News of the Cruise (Part 10: A Ship-Shape Shabbat)

There we were, safely back on board the Costa Diadema, which would set sail from Civitavecchia at 6PM. For most of the passengers on board, it would be another day at sea, getting on and off the ship at the port of Savona. But for us, the AACI’ers, it would be Shabbat, so, while we could get a tantalizing view of this old and picturesque port from the balcony of our cabin or the decks of the ship, we would remain on board until we arrived at Marseilles Sunday morning. We would have our meals, served buffet style, in a different restaurant on one of the upper decks (either walking or using one of the Shabbat elevators to get there), and the Shabbat prayer services would be held in an area that is normally a disco. And therein lies a tale. In this case, one related by Rabbi Shlomo Riskin, one just too good not to tell his audience, and for me not to tell you.

It seems, he announced, that this was the second time that he was davening on Shabbat in a disco. Well, that got everyone’s attention real fast – as he, the master story teller, knew it would.

A long time ago in a galaxy far, far away… Actually, it wasn’t a different galaxy and it wasn’t that long ago, but was, in a sense, a different world: the West Side of Manhattan when I first started living there, when there wasn’t much happening Jewishly. Rabbi Riskin had just begun working at what would become the Lincoln Square Synagogue. Somehow, it’s not clear to me exactly how, he had befriended Rabbi Yitzchak Dovid Grossman, known universally, for good reason, as the “disco rabbi.” And whenever R. Grossman came to New York on business, he would stay with the Riskins.

As our narrator described it, on this particular Friday night, after dinner, R. Grossman asked his host to go with him for a walk – something R. Riskin rarely if ever did, because the atmosphere on and around Broadway seemed at odds with the serenity of Shabbat. Nonetheless, R. Riskin, being a good host, agreed to go. They left the apartment, and R. Grossman, as if he knew exactly where he was going, headed straight up Broadway to 72nd St. – right into a discothèque run by and for Israelis, one open 24/7.

Suddenly, into this mayhem, walked R. Riskin in his Shabbat clothing and the absolutely unmistakable R. Grossman in his Chassidish finery. The musicians stopped playing; the crowd stopped dancing. It was absolutely quiet. Then R. Grossman began to sing. Everyone began to sing. People began to dance – believe it or not, men and women separately. For fifteen minutes, the discothèque was transformed into a holy place. At which point, R. Grossman turned and left, followed by R. Riskin. And once again, the discothèque became a discothèque. The musicians began to play, and the people began to dance – seemingly as if nothing had happened.

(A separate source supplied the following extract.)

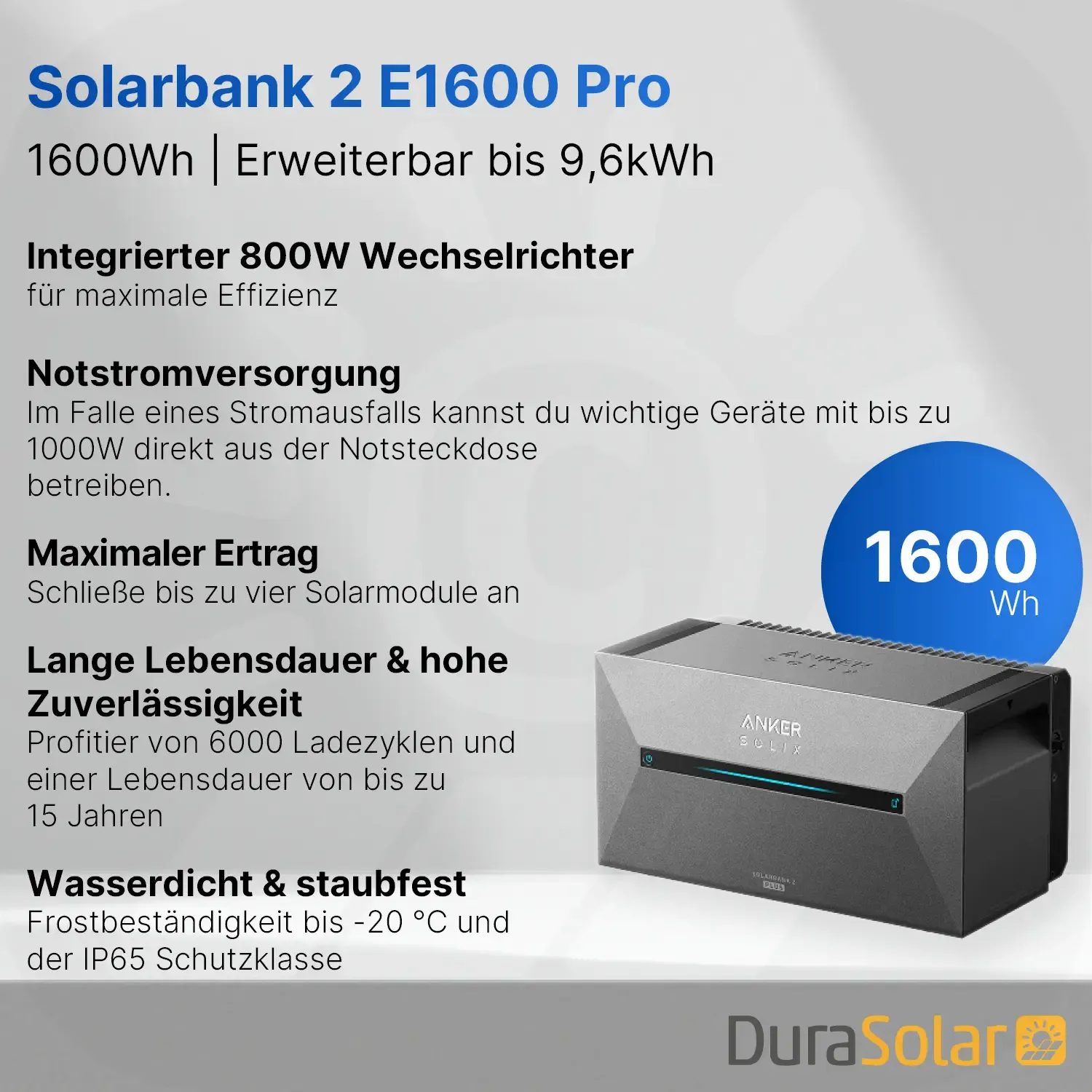 1000Wp Balkonkraftwerk mit Anker SOLIX Solarbank 2 E1600 PRO - 1,6kWh - 2x500Wp 1000Wp Balkonkraftwerk mit Anker SOLIX Solarbank 2 E1600 PRO - 1,6kWh - 2x500Wp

However, that’s not the end of the story, because if it was, it would be just another fascinating meisseh to tell around a Shabbat table. In those days, the Lincoln Square Synagogue was no more than a shteibel, and when anybody wanted to join the congregation, that person was asked to fill out a questionnaire asking how he or she found out about the synagogue. For years after that incident, people explained that their motivation for joining a synagogue, that synagogue, was the fact that the rabbis had made the effort to come to them at the disco.

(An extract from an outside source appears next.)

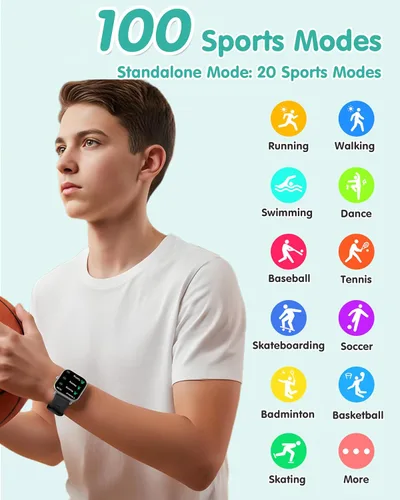 Miniatura 3 de Reloj inteligente para niños, reloj para niños sin necesidad de teléfono con monitor de frecuencia cardíaca y sueño, monitor de estrés y SpO2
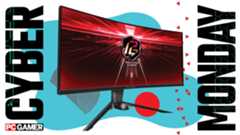 An ASrock gaming monitor on a blue background with "Cyber Monday" written on it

And so, R. Riskin concluded, this would not be the first time he had spent Shabbat in a disco, transforming it, at least for a time, into something holy. I didn’t see it with my own eyes, but I know that, once we finished our Friday night prayers, the place was turned back into what it had been, a place of merry-making, with people sitting at cocktail tables, listening to live music, dancing the night away. And then the staff carefully cleaned up, so that when we reassembled for Shacharit Shabbat morning, the room looked exactly how we had left it. Who knew you could use a cocktail table for a shtender to rest your prayer book? So that is how each of us got to spend Shabbat in a discothèque. You should try it some time.